If you wanted to see a more live action spoof of Garfield you could also check out Lasagna Cat which is so weird it circles around and becomes kind of good. Yes, it has full sized humans acting out some of the least funny strips that ever graced the comic section. And then they take that premise and make a music video out of it. I don't know how you are still reading this article and not looking at it.

12 One Regret

via: pinterest.ca

Jim Davis is the king of a cartoon empire, and rakes in millions of dollars from Garfield merchandise. Over the years, his company has thrown everything at the wall to see what would stick, and apparently, he only ever regretted one thing. One thing. Out of the millions of sassy t-shirts and painfully bland mugs he has forced the world to endure, he only regrets a single piece of merchandise ever.

He only regrets making Zombie Garfield.

We are in the middle of a zombie craze, for better or worse, so PAWS Inc. thought they would capitalize on it by releasing their own take. They were no strangers to releasing the rare horror themed item, as is evidenced by all the Garfield Halloween specials. But for whatever reason, this one piece left Jim with an empty feeling, something no other item had done to him. Which says a lot about the zombie fad, if you ask me.

11 We All Had One

via: pinterest.ca

The Garfield "Stuck On You" bit of merch was immensely popular. You'll still see them stuck to the window in cars of very lonely and sad people who are much closer to Jon Arbuckle than they realize. So, as popular as this toy is, it's funny that their creation was a complete mistake. Originally, Jim Davis wanted Velcro on Garfield's paws, so that he could stick to curtains, much like an ill-behaved cat.

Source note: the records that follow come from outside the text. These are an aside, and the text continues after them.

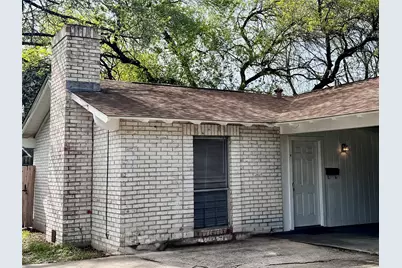 4703 Sagebrush Trail #B, Austin, TX 78745 - Photo 19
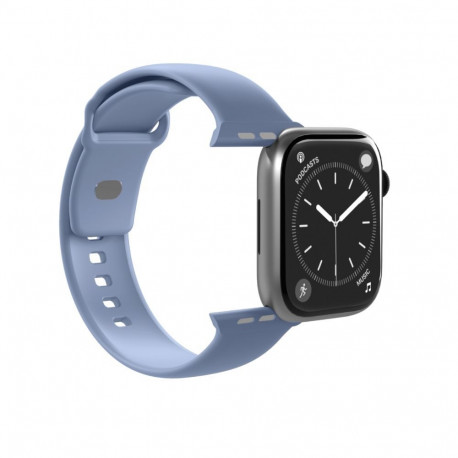 Puro Puro "ICON" Apple Watch band 38-40-41-42mm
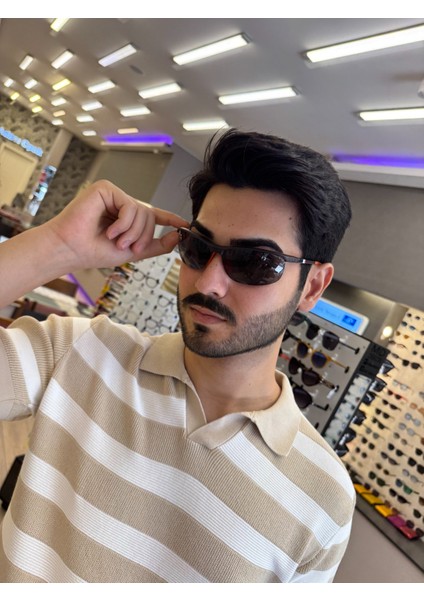 0241 C1 68 U.s. Polo Assn. Güneş Gözlüğü fiyatları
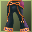 i1d1jv04_pt06t7.png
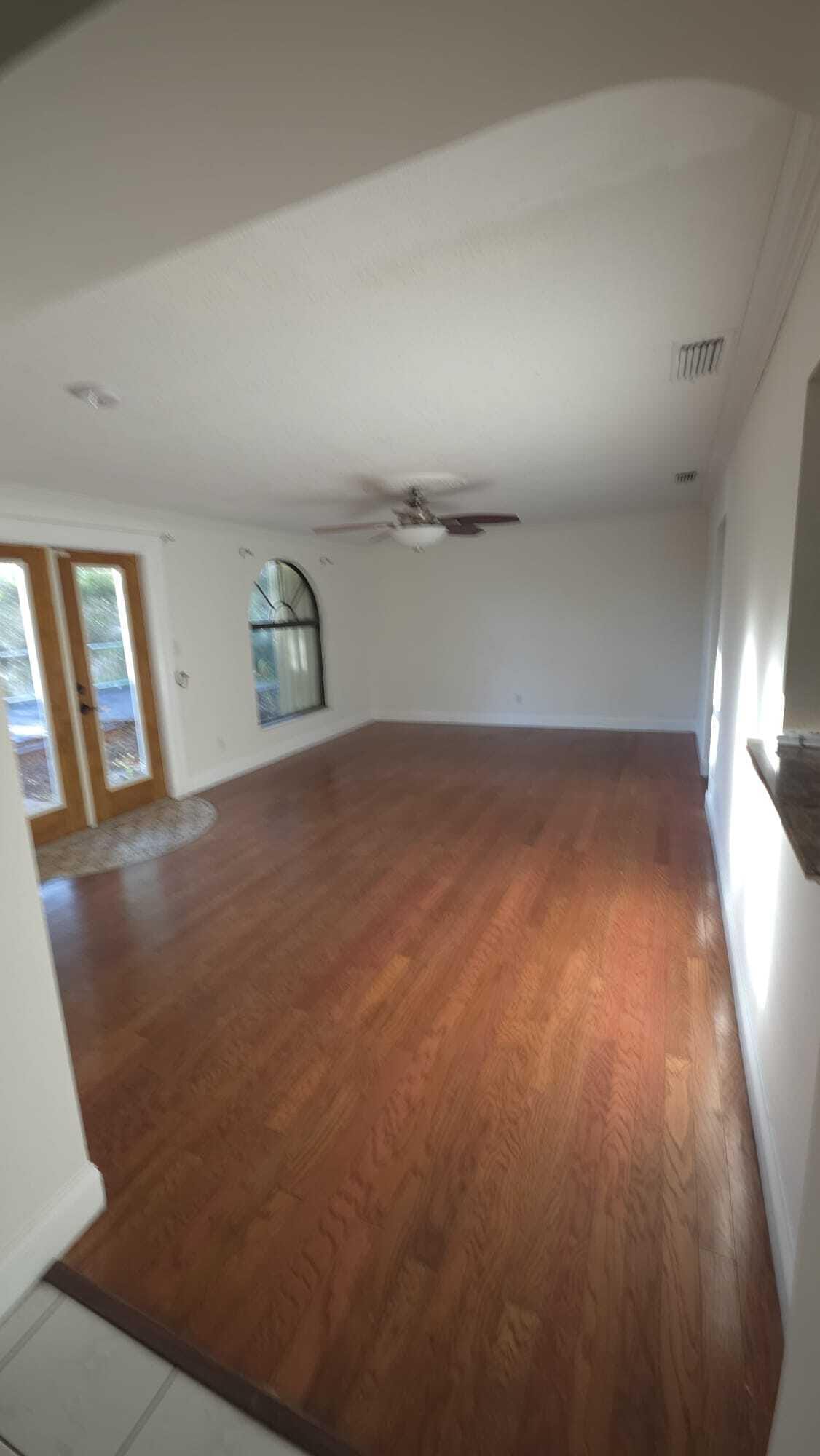 1761 SW Monterrey Lane — photo 8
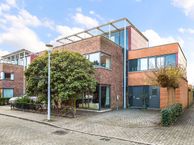 Vledderveld 1, 2151 JS Nieuw-Vennep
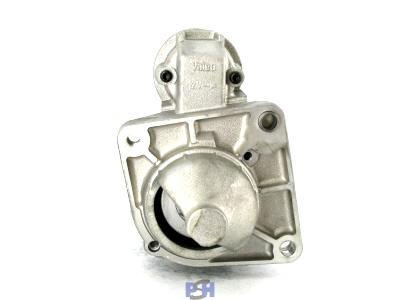Startmotor Fiat 0.9 kw 500542093000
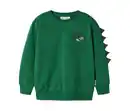 Bild 1 von NAME IT Kinder-Sweater »Drache«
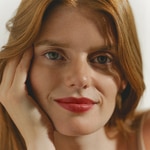 Sisley PHYTO-ROUGE SHINE Rossetto brillante e idratante 2 di 3 Rossetto brillante e idratante
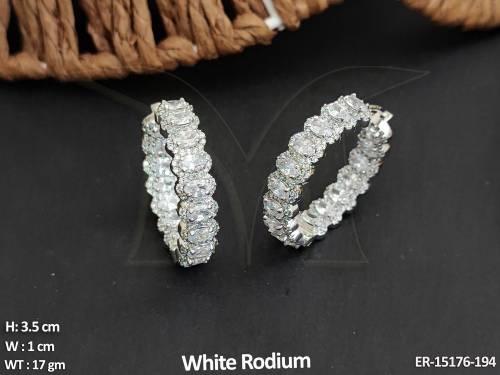 ER-15176-194-WHITE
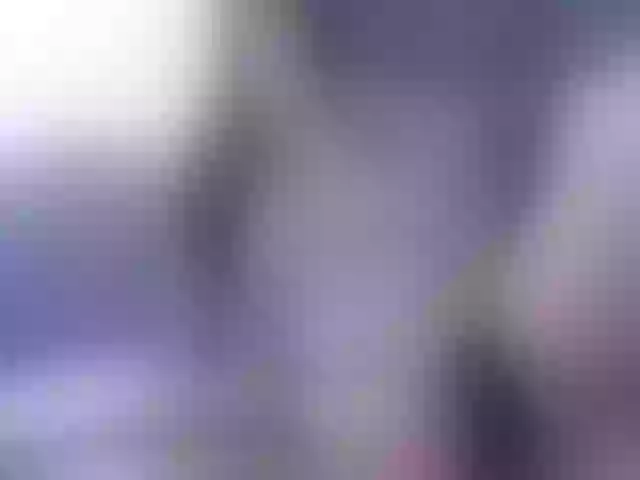 Live sex webcam photo for Cassiopeia19 #255213208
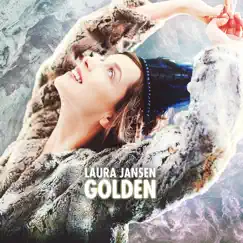 Golden - Single by Laura Jansen album reviews, ratings, credits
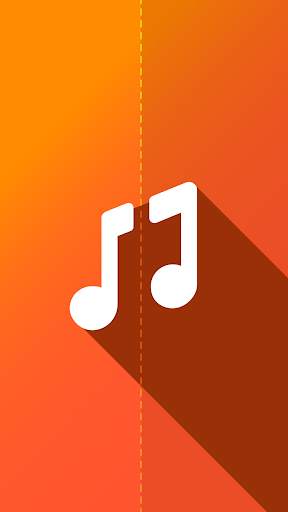Ringtone Maker Wiz स्क्रीनशॉट 4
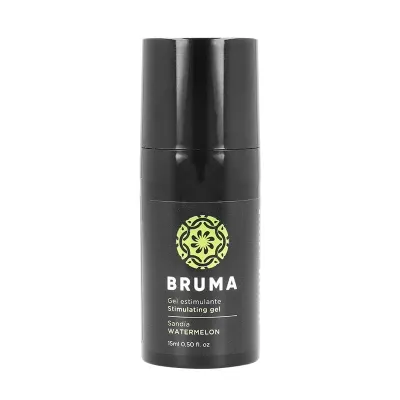 Balsam Wassermelone 15ml – Bruma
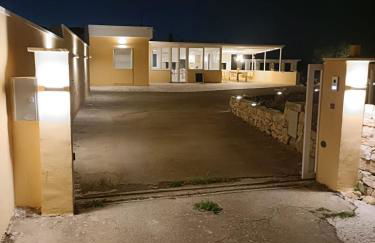 Casa Loredana - Foto 18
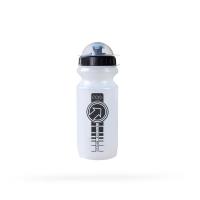 PRO TEAM jar with cap 600ml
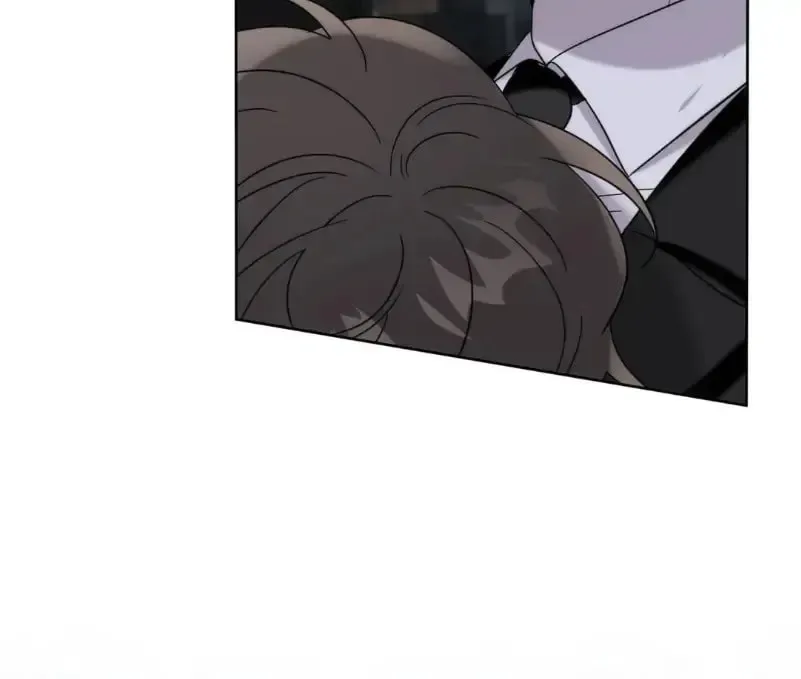Read Did It Work? chapter 9 image 79 on Lezhin
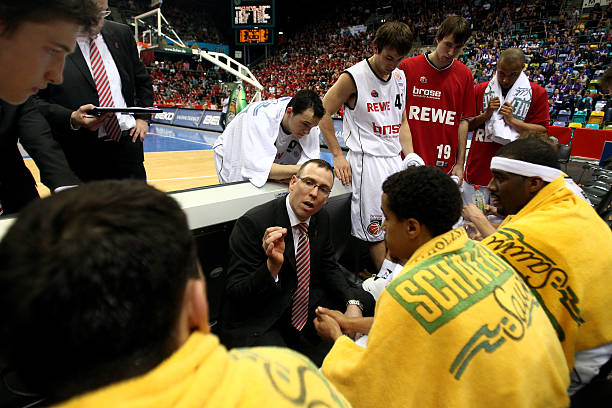 要组成部分 要组成部分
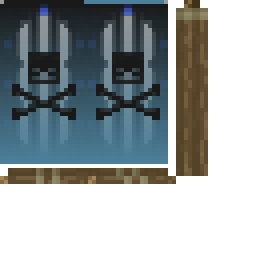 Texture for batata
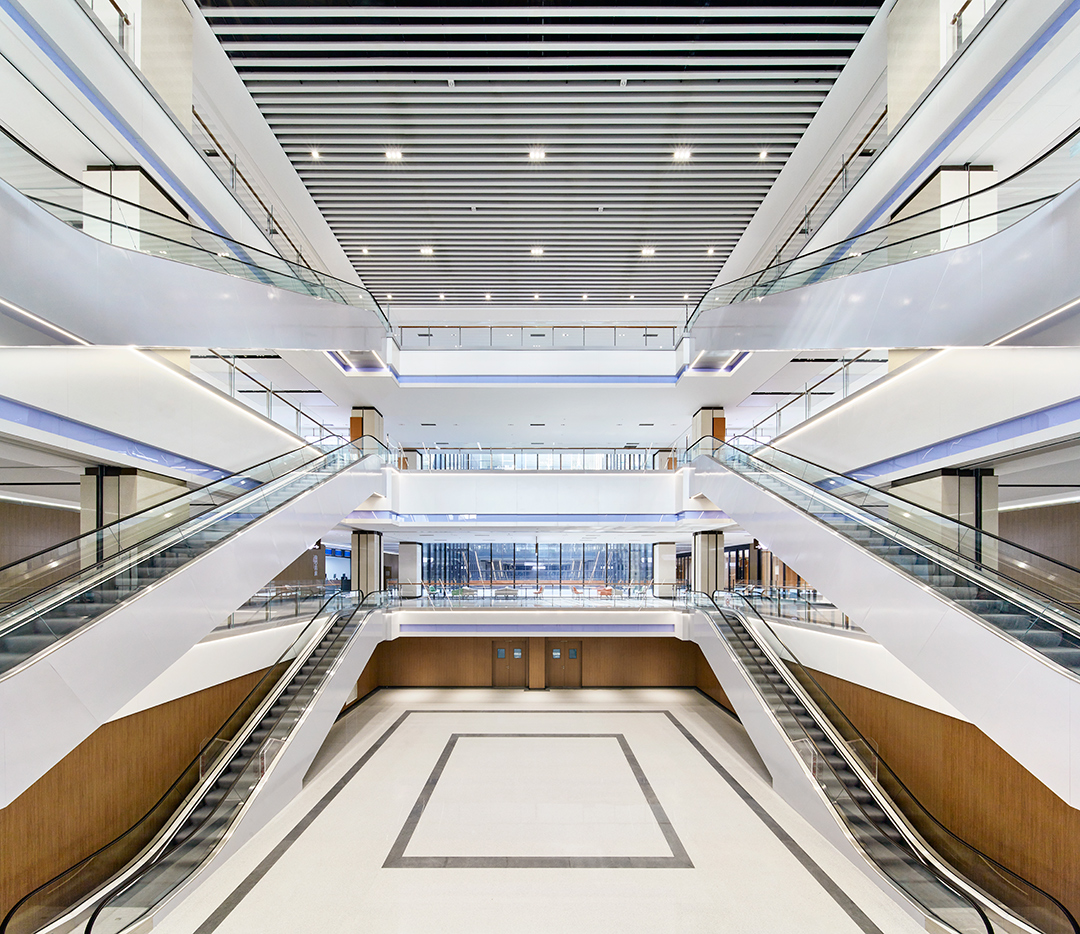 凯发·k8(中国游)官方网站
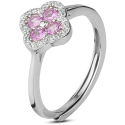 Anello Donna Boccadamo Sophie AN534R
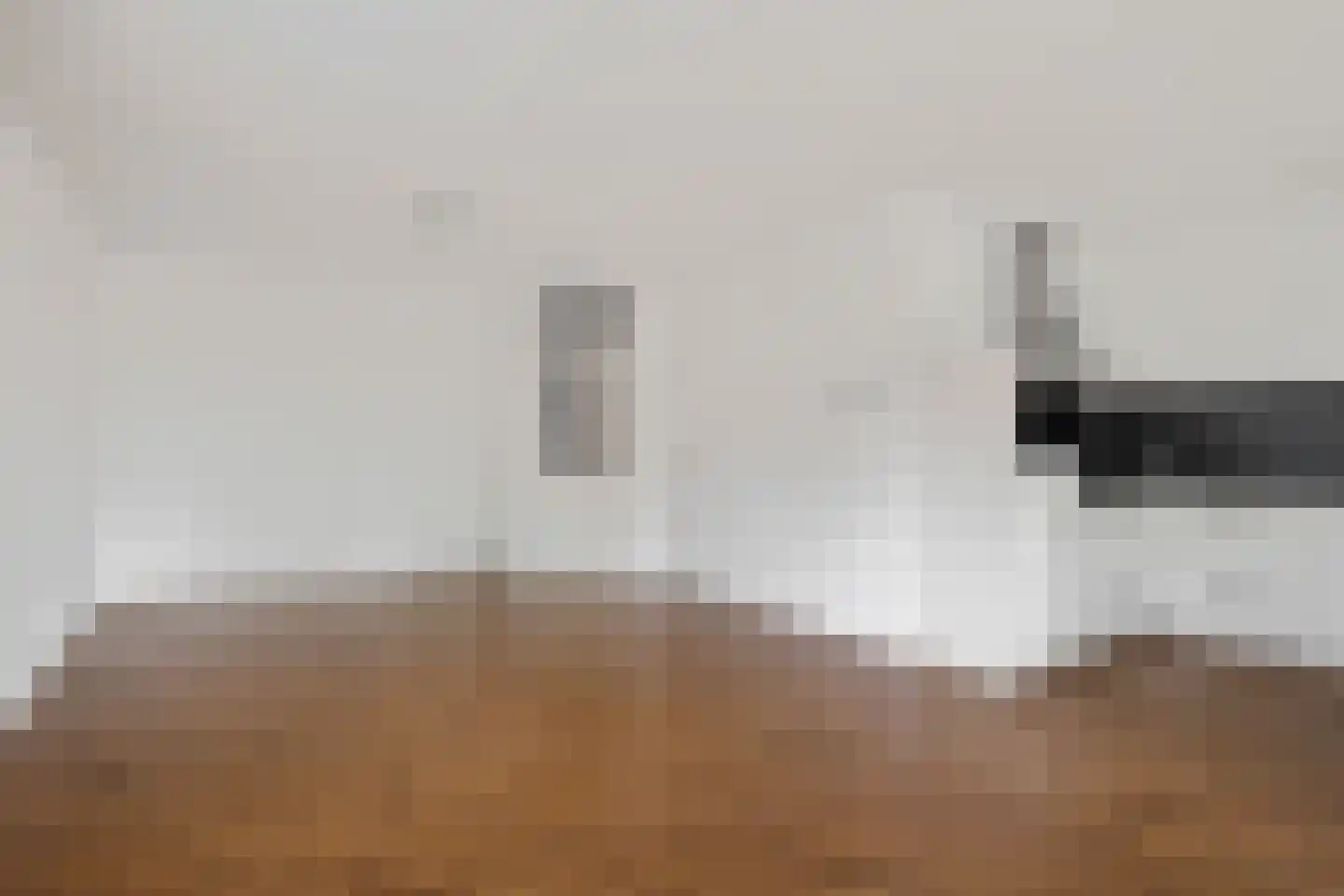 Lanenburg 15 Heerenveen thumbnail 25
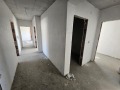 Продава 4-СТАЕН, град Кърджали, Възрожденци • 170000 € / 332491.10 лв. • 23339689 11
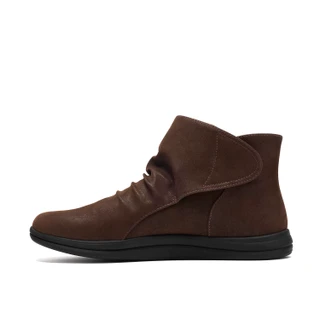Thumbnail 6: Clarks Women's Breeze Faye Boots 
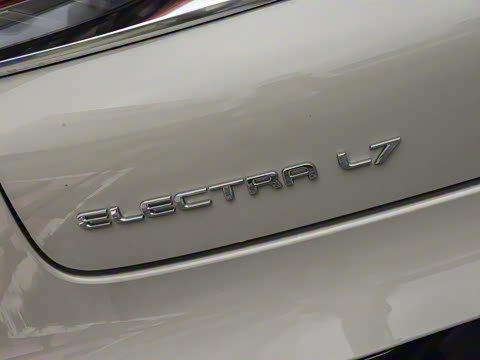 2025�� ������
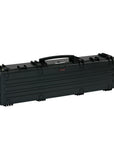 Explorer Cases 13527 Case Black with Pluck Foam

There was a mix-up and the manufacturer.

When Jim received them he said, "If this thing is still stuck to this window after three days, we will sell them." Apparently they were very high-quality suction cups, so Davis gave the go-ahead to start selling them to distributors. Apparently, he didn't even begin to assume that people might actually hang them inside their cars. The numbers on how many car accidents have been caused by Garfield have yet to be tallied.